OMB Receives CMS Rule Overhauling Medicaid
The Office of Management and Budget (OMB) has received a final rule by the Centers for Medicare & Medicaid Services (CMS) with major changes made to Medicaid managed-care regulations. The changes include:
- Capping insurer profits;
- Requiring closer supervision of plans’ provider networks by the states;
- Encouraging the growth of managed long-term care;
- Allowing more behavioral care in institutional settings; and
- Encouraging the states to establish quality rating systems for plans.
For certain types of providers, Medicaid plans’ provider networks must have time and distance standards that more adequately reflect access for beneficiaries. States must also consider whether plans offer providers proficient in languages other than English.
A medical-loss ratio (MLR) of 85% has been set by the rule so that at least 85 cents of every dollar spent on premiums must be used for medical care. Failure to comply with this ratio could lower future payments.
Managed-care plans represent 46 million subscribers, or 73% of the regular Medicaid population. The proposed rule would also cover millions of children covered by the Children’s Health Insurance Program.
A published final rule is expected in mid to late May.1
New Quality Measures
The Centers for Medicare & Medicaid recently posted new quality measures on their website.

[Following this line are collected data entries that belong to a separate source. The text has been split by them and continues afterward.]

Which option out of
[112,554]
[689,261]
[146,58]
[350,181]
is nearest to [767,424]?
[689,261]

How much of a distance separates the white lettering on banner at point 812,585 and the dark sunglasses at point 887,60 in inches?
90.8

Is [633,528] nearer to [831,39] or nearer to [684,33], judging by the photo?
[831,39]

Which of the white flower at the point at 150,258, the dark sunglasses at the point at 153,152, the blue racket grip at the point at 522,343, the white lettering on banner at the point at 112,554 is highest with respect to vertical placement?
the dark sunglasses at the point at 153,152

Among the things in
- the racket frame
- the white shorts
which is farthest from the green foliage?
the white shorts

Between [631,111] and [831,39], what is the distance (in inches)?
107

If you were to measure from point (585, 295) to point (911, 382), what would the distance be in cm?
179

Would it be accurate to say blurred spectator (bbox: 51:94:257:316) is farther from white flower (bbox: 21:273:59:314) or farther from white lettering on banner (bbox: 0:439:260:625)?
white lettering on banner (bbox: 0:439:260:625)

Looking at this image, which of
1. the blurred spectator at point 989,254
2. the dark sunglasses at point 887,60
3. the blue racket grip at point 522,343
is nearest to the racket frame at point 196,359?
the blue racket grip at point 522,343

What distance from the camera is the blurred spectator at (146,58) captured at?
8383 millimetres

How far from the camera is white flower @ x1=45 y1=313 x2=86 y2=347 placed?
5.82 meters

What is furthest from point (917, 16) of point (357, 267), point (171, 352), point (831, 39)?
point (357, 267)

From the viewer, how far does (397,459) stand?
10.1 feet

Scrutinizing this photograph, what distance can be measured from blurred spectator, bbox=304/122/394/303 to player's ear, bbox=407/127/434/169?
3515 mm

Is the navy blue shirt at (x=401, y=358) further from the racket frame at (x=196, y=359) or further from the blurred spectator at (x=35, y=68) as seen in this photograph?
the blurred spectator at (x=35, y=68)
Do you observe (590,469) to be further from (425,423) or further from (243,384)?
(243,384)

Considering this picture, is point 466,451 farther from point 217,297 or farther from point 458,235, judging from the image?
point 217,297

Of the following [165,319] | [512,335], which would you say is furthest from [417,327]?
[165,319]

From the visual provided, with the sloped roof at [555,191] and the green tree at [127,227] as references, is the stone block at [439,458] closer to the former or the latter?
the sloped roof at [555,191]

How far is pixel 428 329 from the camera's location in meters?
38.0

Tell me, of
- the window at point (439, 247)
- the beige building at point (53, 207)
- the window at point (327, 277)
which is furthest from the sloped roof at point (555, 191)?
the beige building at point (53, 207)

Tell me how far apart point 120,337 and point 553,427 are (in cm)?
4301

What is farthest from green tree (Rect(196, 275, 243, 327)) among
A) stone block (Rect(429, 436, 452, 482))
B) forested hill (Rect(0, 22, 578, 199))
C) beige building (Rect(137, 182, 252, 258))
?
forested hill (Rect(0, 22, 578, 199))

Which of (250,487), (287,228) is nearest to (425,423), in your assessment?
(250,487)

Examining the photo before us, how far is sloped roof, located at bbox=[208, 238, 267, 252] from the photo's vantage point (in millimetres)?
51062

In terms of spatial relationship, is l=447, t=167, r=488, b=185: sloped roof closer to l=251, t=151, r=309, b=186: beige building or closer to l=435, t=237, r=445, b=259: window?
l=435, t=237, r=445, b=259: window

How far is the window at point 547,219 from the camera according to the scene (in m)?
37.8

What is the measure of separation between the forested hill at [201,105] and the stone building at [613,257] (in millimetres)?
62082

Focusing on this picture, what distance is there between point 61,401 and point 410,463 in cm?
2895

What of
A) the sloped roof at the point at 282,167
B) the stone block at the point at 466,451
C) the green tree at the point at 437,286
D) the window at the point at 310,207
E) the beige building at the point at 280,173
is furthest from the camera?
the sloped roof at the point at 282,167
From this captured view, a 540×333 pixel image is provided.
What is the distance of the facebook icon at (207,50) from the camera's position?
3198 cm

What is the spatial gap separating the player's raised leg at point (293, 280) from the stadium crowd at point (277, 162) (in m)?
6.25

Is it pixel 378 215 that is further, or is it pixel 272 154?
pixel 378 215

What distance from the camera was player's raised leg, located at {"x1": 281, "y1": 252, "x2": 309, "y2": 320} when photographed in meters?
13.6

With more healthcare quality outcomes being tied to reimbursement, the Core Quality Measures Collaborative has outlined seven sets of quality measures intended to evaluate medical care and provider performance in the following areas:
- Accountable Care Organizations, Patient Centered Medical Homes, and Primary Care
- HIV and Hepatitis C
- Medical Oncology
- Obstetrics and Gynecology
The Collaborative was formed to identify core sets of quality measures that would be meaningful to patients and providers and to reduce duplication and variability of measures, ultimately decreasing the data collection burden and costs. The Collaborative includes such organizations as the Centers for Medicare & Medicaid Services (CMS), America’s Health Insurance Plans, the American Academy of Family Physicians and the National Partnership for Women and Families. The National Quality Forum served as technical adviser to the group.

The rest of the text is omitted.